Published: 22nd April 2014
Gretchen Muller has, as best she can, dealt with the horrors of her family’s past. Her father, a senior Nazi officer, died to save the life of their leader, Adolf Hitler. And now Germany has the chance to be great once more. Swept up in the excitement and passion of life in Munich in 1931, seventeen-year-old Gretchen has embraced the life laid out for her by that leader, her ‘Uncle Dolf’.
But the secrets of the past cannot be silenced forever. When Gretchen receives a letter from an anonymous sender claiming to have more information about her father’s death, she becomes swept up in a desperate and dangerous search for the truth. With the full might of the ever-powerful Nazi party on her tail, it is a race that will risk everything she has and change her life forever…

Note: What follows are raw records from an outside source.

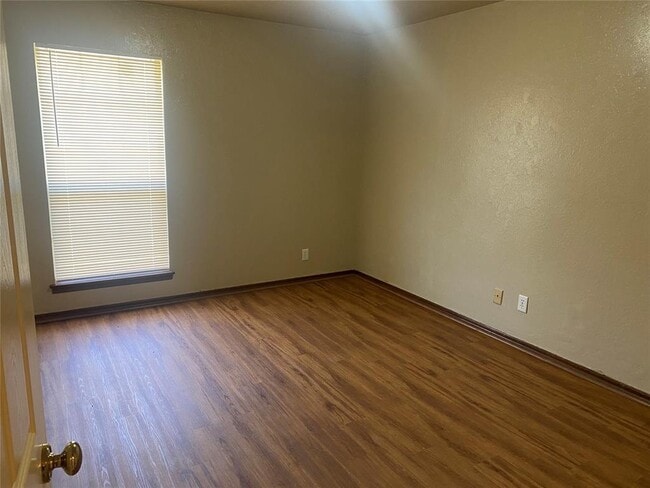 Photo - 1026 Dustin Dr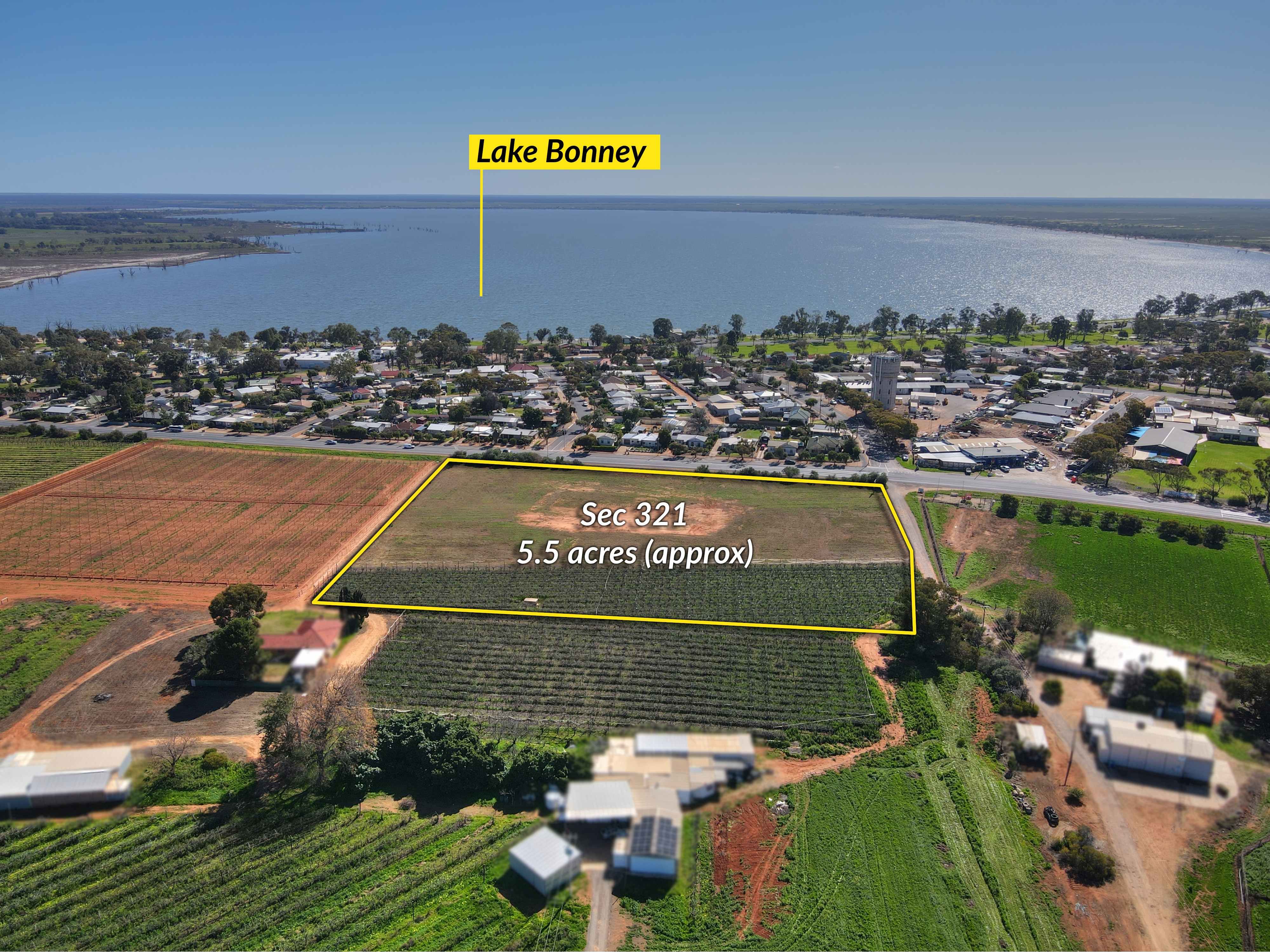 Sec 321 Sturt Highway — photo from Ray White Riverland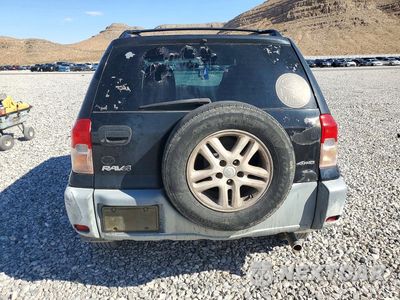 Zdjęcie 6 z 13 samochodu: 2001 TOYOTA RAV4 BASE VIN:JTEHH20V110082031 - miniatura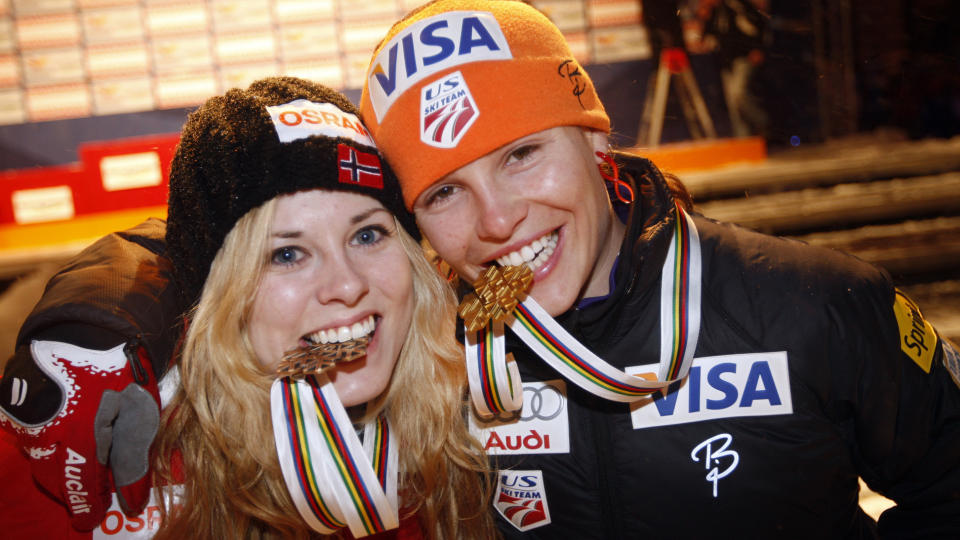 H�PER � F� HOPPE: Anette Sagen og amerikanske Lindsey Van tok henholdsvis bronse og gull i historiens f�rste hopp-VM for kvinner i Liberec i februar. Denne uka har deres henstilling til kanadiske lover mot diskriminering blitt pr�vet i retten. Men utfallet av saken kan la vente p� seg i flere m�neder.Foto: Lise �serud, Scanpix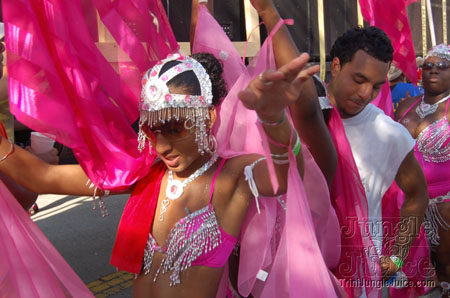 broward_carnival_2006_pt1-099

Thank you to BookBridgr for kindly sending me a review copy.
Everyone knows what Hitler did. It’s unforgivable. So when I heard that Anne had a book which was fictional based around him, the word “interesting” immediately popped into my head. And I was right, it’s interesting and eye opening. Upon the first couple of pages, readers learn about Gretchen: she’s a strong, kind hearted seventeen year old who is blissfully unaware of the truth. When the first chapter came to an end, she meets a mystery man who knows how her father truly died. A big uh oh moment. For me, I wanted Gretchen to stay unaware of what had really happened as it would save her a lot of pain. But the warrior within her wanted to find out. So readers went along with her…
Anne’s writing style is full of facts, betrayal, wisdom and courage. But there was something missing: a hook. As much as I enjoy a Historical Fiction book from time to time, this one sadly didn’t grip me. Anne’s portrayal of Hitler was fantastic. She made him out to be God’s Gift to some and the Devil to others. I thought the narrative progressed quite slowly but it built up nicely to the dramatic discovery of the truth.
“And she was a fool.” – This was my favourite line from the book. It speaks some many different volumes and has the ability to take readers down several different paths.
All in all, I don’t know how I truly feel about Prisoner of Night and Fog but I do wish I had enjoyed it more. Just because it’s not my favourite, doesn’t mean to say that you won’t enjoy it. This is just my opinion.